AVAILABLE DATA:
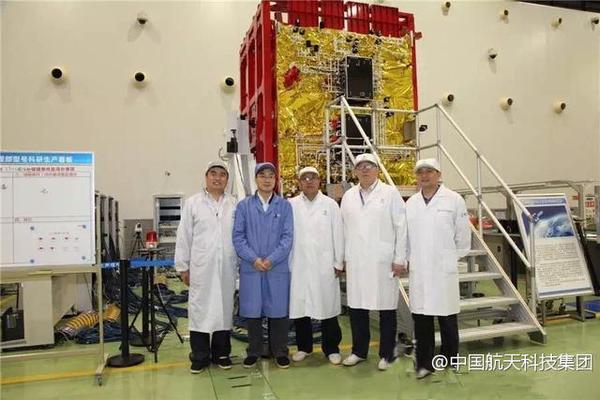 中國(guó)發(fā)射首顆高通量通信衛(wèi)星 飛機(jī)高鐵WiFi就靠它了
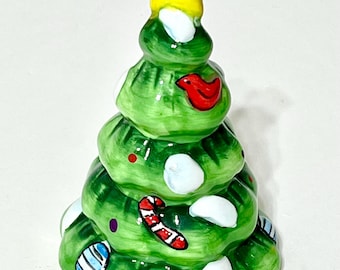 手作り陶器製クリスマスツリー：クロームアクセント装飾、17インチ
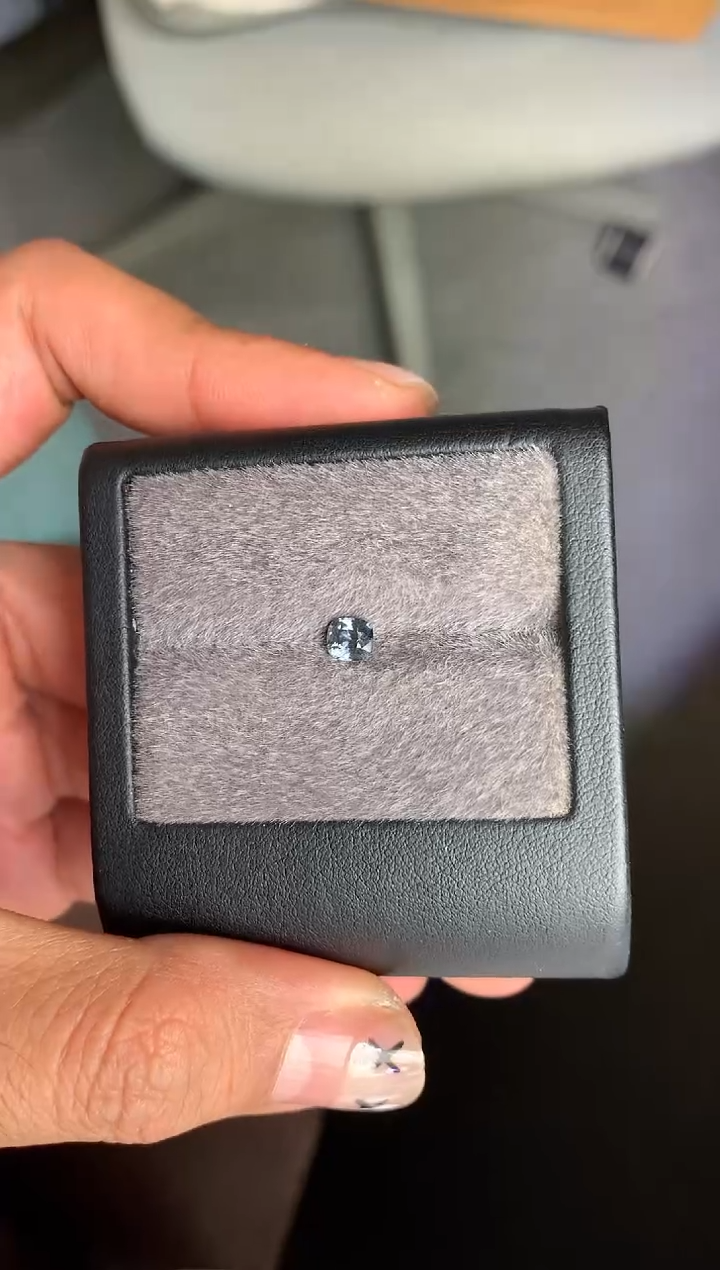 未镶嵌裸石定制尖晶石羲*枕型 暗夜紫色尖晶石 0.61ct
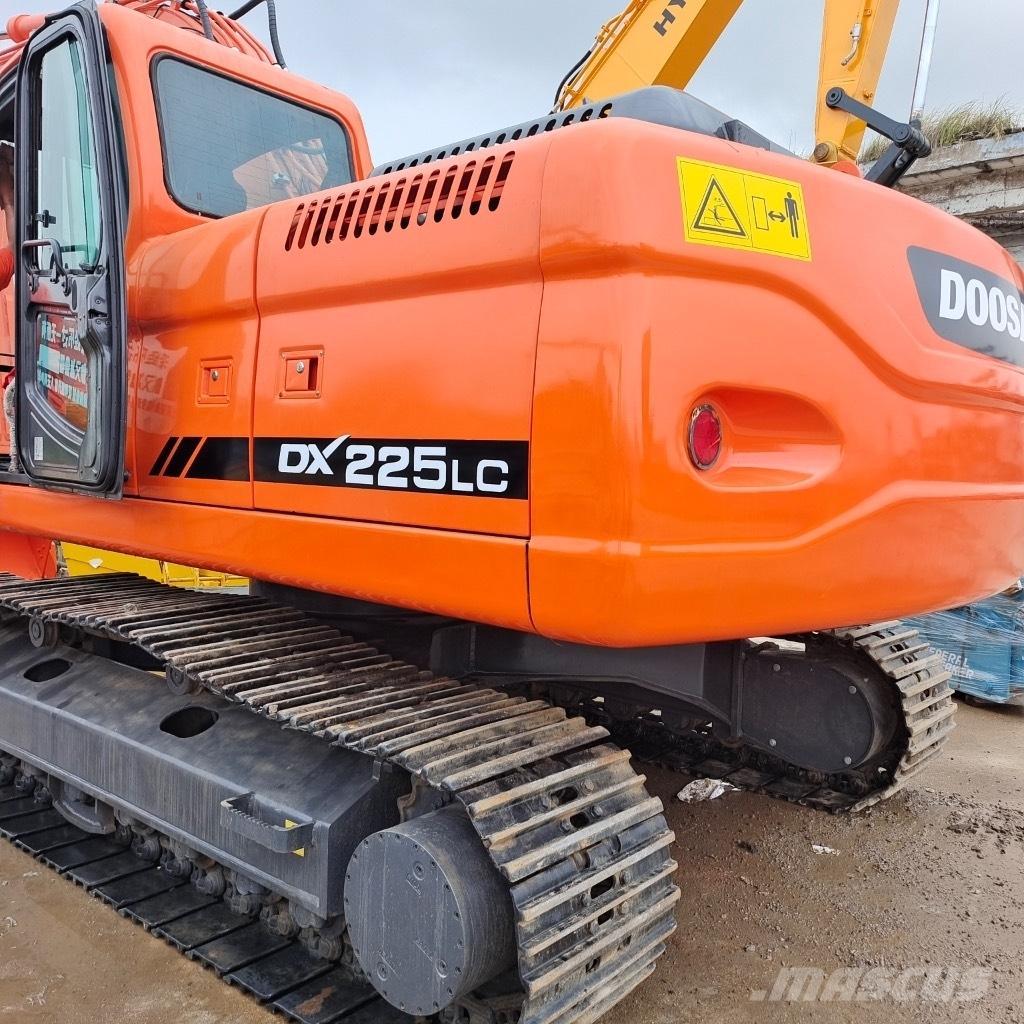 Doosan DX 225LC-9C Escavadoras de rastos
---
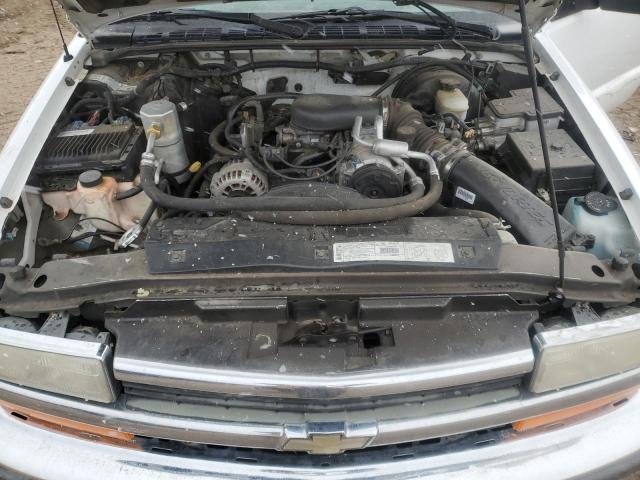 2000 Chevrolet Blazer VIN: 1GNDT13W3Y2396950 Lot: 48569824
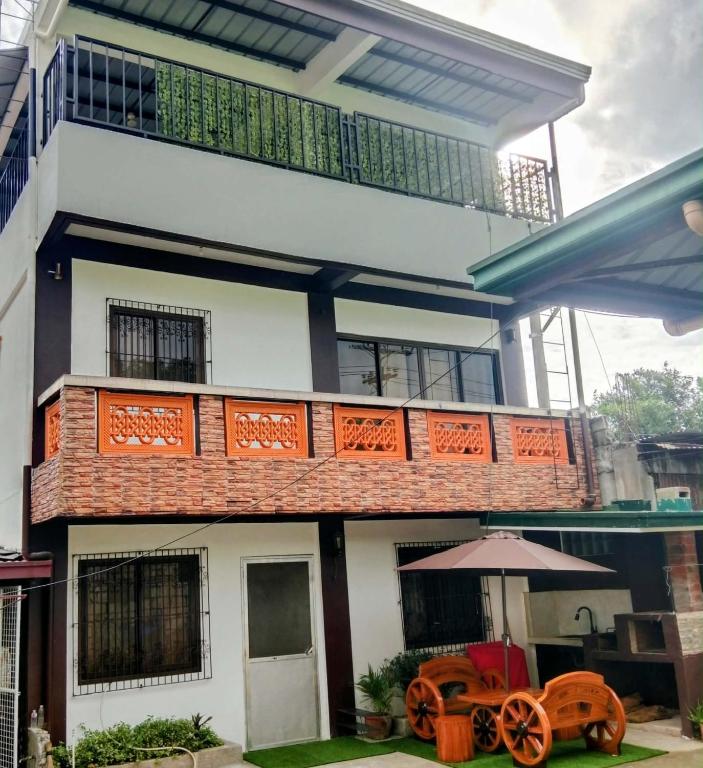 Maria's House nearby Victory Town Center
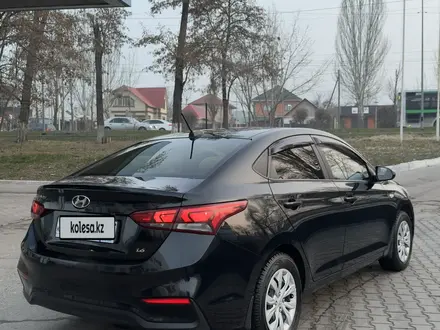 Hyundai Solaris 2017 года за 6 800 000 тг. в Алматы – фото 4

WHAT TO WORK ON:
In the records above, find the line with "中國(guó)發(fā)射首". Print exactly from there through the line with "Doosan DX 225LC-9C Escavadoras de rastos", minus the pictures.

RESPONSE BELOW:
 中國(guó)發(fā)射首顆高通量通信衛(wèi)星 飛機(jī)高鐵WiFi就靠它了
 手作り陶器製クリスマスツリー：クロームアクセント装飾、17インチ
 未镶嵌裸石定制尖晶石羲*枕型 暗夜紫色尖晶石 0.61ct
 Doosan DX 225LC-9C Escavadoras de rastos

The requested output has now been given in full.